I had a busy week. I was in Vegas for a mini-vacay, left Saturday then went back Monday. Gosh, I enjoyed it. I needed to be in a different area and get away for a bit. Had dinner in a buffet, walked in different hotels, had great food, watched Zumanity. The show was interesting.
Wednesday night flew to San Diego for a conference and came back Thursday night. Today, we went out for a vendor visit for lunch. Pleasant experience! I feel that I’ve been hustling and my body literally aches. But anyway, back to serious stuff.. how am i? Doing great I guess. I still refused to deal with it and focus on things that I can manage. I am slowly picking up the pieces, taking my time and enjoying life as it is. Last week I drove to Marina and waited for the sun to set, it was an amazing view. Feeling the wind in my cheeks, staring in the strength of the sun, hearing the small splashes of waves it was a beautiful sight indeed. I felt the urge to cry, I can’t even tell what the tears are for. I’ve always dreamed of a stable and happy relationship, and I know it isn’t too much to ask. I need to learn to let go, and let some things free so we won’t be in bondage. I do not know what’s keeping me, is it the fear of being alone? It is the time invested? I just have so many excuses in my fuckin head, but I know in my heart what the right thing to do is. Sometimes I even question myself, who decides what is right or wrong? Is it the norm, the society, or is it a subjective opinion based on what the person is going through.

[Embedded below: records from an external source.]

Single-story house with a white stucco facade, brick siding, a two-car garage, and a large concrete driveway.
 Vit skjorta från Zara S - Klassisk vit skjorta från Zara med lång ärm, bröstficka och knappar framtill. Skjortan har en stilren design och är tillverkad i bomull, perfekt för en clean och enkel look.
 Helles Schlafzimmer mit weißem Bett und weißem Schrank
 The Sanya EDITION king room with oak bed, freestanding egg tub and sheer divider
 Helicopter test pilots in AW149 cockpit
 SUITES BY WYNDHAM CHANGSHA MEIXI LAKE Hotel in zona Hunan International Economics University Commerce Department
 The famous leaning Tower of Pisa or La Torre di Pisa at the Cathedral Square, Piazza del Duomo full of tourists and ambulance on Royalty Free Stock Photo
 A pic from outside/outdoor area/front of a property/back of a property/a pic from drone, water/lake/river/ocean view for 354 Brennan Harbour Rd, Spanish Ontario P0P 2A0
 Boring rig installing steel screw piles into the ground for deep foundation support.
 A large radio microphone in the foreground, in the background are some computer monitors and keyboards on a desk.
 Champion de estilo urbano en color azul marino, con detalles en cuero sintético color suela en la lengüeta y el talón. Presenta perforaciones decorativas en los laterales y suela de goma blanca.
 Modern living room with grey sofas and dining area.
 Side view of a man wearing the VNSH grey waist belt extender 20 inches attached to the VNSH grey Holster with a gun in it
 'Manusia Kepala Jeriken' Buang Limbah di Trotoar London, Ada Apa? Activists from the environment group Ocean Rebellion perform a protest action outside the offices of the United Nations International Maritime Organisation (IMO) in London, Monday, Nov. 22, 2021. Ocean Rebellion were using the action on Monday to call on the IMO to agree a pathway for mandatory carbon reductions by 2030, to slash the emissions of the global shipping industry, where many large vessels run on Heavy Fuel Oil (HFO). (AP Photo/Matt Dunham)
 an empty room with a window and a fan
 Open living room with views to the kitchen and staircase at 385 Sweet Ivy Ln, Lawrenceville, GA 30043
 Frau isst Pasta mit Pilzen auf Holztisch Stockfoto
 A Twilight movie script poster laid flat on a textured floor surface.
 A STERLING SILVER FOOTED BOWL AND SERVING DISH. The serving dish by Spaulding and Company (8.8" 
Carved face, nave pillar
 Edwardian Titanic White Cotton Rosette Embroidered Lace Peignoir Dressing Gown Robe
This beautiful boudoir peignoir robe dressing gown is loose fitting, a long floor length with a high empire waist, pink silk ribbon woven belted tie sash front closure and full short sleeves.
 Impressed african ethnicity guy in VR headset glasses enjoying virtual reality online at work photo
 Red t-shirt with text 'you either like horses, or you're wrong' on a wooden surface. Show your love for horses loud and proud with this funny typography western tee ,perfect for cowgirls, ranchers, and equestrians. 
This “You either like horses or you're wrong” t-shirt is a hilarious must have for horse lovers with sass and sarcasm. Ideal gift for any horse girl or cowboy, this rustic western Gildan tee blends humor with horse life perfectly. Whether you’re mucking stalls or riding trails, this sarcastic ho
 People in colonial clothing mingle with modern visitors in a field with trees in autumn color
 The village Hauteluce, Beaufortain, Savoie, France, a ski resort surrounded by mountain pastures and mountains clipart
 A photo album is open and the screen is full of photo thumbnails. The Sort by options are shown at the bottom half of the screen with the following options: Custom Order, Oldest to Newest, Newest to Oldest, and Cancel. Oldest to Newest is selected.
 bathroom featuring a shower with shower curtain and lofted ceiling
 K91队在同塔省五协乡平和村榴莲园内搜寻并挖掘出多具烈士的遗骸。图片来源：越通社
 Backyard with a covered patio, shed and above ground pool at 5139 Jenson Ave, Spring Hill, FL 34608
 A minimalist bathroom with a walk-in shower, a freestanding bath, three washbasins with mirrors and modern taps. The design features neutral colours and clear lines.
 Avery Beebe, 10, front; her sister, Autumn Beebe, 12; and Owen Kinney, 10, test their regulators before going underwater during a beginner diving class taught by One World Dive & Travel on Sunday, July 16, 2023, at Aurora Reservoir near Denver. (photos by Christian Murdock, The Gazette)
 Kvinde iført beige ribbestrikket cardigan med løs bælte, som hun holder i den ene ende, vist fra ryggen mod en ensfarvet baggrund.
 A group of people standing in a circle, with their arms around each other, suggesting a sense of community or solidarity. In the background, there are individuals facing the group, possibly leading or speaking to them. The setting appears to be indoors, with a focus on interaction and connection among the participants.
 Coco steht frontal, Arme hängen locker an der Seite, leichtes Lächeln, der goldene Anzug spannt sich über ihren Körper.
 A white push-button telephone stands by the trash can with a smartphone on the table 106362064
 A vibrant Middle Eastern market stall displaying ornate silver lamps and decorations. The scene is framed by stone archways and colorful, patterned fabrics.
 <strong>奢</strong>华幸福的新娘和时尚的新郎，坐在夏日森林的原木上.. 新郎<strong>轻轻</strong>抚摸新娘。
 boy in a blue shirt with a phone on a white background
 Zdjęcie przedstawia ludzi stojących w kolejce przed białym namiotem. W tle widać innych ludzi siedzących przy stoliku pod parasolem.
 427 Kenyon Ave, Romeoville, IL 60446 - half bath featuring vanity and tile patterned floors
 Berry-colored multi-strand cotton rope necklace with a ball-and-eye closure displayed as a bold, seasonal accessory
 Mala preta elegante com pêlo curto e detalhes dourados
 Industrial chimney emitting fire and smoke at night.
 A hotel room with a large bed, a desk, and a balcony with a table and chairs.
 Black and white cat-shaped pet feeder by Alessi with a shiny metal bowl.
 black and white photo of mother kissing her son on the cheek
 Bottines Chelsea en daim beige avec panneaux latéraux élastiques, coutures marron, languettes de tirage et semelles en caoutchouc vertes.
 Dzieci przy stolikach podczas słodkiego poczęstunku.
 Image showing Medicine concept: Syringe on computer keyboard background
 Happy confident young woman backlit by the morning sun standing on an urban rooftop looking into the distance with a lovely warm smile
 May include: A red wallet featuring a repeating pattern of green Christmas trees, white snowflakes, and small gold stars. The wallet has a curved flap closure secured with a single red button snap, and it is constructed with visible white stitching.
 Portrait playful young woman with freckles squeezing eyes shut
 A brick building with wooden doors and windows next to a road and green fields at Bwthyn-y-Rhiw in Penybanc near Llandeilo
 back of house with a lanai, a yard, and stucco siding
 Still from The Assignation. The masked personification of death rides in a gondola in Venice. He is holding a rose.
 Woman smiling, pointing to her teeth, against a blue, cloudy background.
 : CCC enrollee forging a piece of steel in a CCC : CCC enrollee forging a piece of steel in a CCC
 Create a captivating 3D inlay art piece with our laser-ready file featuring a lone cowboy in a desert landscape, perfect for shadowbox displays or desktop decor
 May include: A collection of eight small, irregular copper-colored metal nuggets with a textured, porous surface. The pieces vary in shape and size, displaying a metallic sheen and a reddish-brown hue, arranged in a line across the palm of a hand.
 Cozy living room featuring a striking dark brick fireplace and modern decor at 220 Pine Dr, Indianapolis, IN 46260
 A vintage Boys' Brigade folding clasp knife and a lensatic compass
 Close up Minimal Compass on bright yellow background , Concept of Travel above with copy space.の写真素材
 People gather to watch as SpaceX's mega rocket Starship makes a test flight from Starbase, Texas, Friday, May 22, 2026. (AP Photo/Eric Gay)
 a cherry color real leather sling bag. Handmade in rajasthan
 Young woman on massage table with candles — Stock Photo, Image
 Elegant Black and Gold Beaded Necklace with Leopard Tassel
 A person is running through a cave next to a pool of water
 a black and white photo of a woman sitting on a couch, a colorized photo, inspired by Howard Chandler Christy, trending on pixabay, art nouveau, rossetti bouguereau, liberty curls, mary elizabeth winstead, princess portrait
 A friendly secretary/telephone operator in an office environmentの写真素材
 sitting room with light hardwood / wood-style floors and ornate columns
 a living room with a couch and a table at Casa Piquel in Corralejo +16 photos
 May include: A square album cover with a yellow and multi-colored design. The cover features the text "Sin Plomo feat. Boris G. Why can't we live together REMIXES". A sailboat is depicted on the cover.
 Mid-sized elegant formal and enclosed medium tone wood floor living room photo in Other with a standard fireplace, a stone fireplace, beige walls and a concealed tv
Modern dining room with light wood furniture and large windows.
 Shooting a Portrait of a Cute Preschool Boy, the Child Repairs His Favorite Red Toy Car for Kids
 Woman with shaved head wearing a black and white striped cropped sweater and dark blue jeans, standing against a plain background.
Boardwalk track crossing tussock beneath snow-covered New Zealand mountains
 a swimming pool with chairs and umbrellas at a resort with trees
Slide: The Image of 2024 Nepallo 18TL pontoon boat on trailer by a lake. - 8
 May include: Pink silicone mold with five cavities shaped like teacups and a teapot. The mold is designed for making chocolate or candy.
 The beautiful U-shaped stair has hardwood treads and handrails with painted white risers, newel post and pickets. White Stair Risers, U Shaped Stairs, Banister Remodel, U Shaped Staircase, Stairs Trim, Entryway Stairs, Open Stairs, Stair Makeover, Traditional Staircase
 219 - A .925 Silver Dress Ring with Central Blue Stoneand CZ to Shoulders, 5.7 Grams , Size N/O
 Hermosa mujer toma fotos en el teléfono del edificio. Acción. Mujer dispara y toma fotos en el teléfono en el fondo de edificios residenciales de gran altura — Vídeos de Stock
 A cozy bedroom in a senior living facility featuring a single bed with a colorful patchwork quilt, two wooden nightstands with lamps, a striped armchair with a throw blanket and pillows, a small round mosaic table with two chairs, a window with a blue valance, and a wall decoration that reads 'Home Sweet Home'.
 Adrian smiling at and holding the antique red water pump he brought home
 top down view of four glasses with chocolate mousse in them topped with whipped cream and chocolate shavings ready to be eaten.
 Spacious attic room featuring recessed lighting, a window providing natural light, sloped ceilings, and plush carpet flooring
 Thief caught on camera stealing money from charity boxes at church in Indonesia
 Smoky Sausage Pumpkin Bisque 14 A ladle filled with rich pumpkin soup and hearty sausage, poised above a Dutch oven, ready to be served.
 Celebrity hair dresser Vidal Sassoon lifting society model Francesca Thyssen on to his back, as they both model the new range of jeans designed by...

My thinking is becoming twisted and twisted, I am losing value, self worth, respect and dignity. It is so sad to live like this. I know I must stand for something.
My heart is just wretched. I am hurt in the deepest sense of the word. I feel so crushed; self esteem and respect below zero. I think I am losing the person that I am and I need it back. Does love can change someone? I have millions questions but I find no answer. Now that I think about it that is probably the reason I wanted to cry in the first place. I just want to cry when I see beautiful things probably because I see myself so ugly right now.